SAS

We were thinking about our road map for Kiln today and I got to thinking about the underlying principles, or themes, I want to guide our planning. Coincidentally, when I got off work and was poking around the web I ran across this post on principles and it motivated me to write up what I was thinking about in the meeting.

I think I can summarize my train of thought, my design themes, in three words Stability, Agility and Scalability (SAS for short.) These three themes aren't all there is to software development, but I think they form a useful foundation for leveraging other architectural systems like SOLID or The Twelve Factor App.

Stability

I have always been an iterative developer. I like to get something working and then grow it in to a larger product over time. In order for iterating to work, you have to build a solid base and fix problems with each iteration. Thinking back on my work leading the team that built the Designer Framework for TIBCO, we had more time than the teams using the framework on each release. Basically we would get started and then lock down the next version of the framework for the other teams to use. While there were certainly changes along the way, we spent most of our time dealing with one of my OCD-like fixations - killing bugs. I hate having bugs in my queue, and when I am in charge of a group or product, I hate bugs in my product. So we worked really hard to get rid of as many known bugs as possible in Designer. I think it worked, since Designer was still in production a decade later with minimal support. I define stability as having software that doesn't need a lot of operational maintenance, software that just works. Squashing bugs is a big part of that.

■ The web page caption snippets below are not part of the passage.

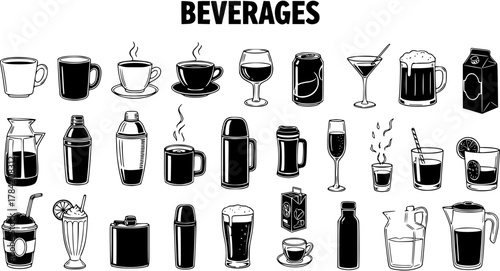 Detailed black and white vector set of various beverages in different containers, including coffee, tea, alcohol, and soft drinks, in a hand-drawn line art style.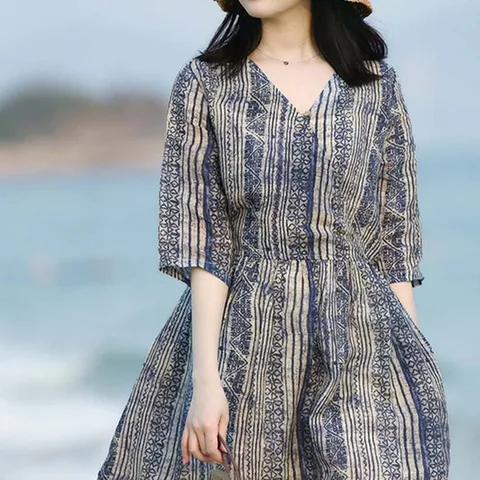 (HS라이프) 원피스 OPS 홈웨어 브이넥 모시 여성 반팔 휴양지 바캉스 여름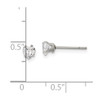 Lex & Lu Chisel Stainless Steel Polished 4mm Heart CZ Stud Post Earrings - 5 - Lex & Lu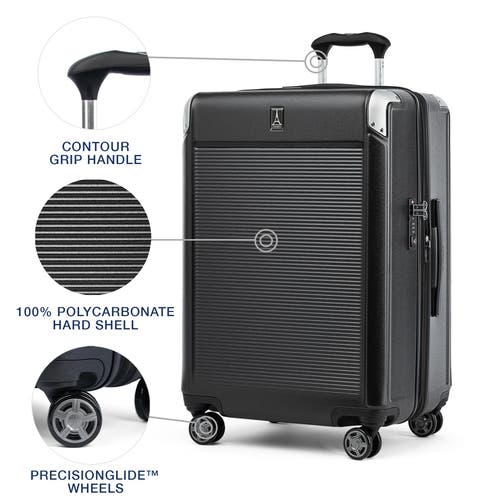 Travelpro Platinum Elite Hardside Expandable Checked- Medium 25-inch Spinner In Shadow Black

But in order to fix bugs, you have to find the bugs. There are a lot of ways to find bugs. I think a good product is probably going to rely on more than one bug finder, I know that the lead QA person for Designer, Ali Ahmed, was invaluable in our process. In addition to great QA resources, automated testing is an important way to both find bugs and to ensure stability. Automated tests provide you with a quick and easy way to know when you break something.

Automated tests provide a sort of wall around a piece of code. For example, if I am building a client-server architecture, automated tests around the server make it safer to change the server, reducing the chance that the client will be affected. Having these tests not only makes the product more stable, it can provide a level of agility.

Agility

I define agility in software as the ability to move software in new directions quickly. A new direction might mean adding a feature or it might mean rewriting your entire server to run on a new platform. Agility comes from having a good architecture, a well organized code base, and from having the automated tests I need to make sure I don't break something every time I change something. Agility can also affect the tools I chose. Modern tools that increase my productivity are better than some older tools. Leveraging build tools, continuous integration, and a good bug tracker, like FogBugz, are important aspects of agility.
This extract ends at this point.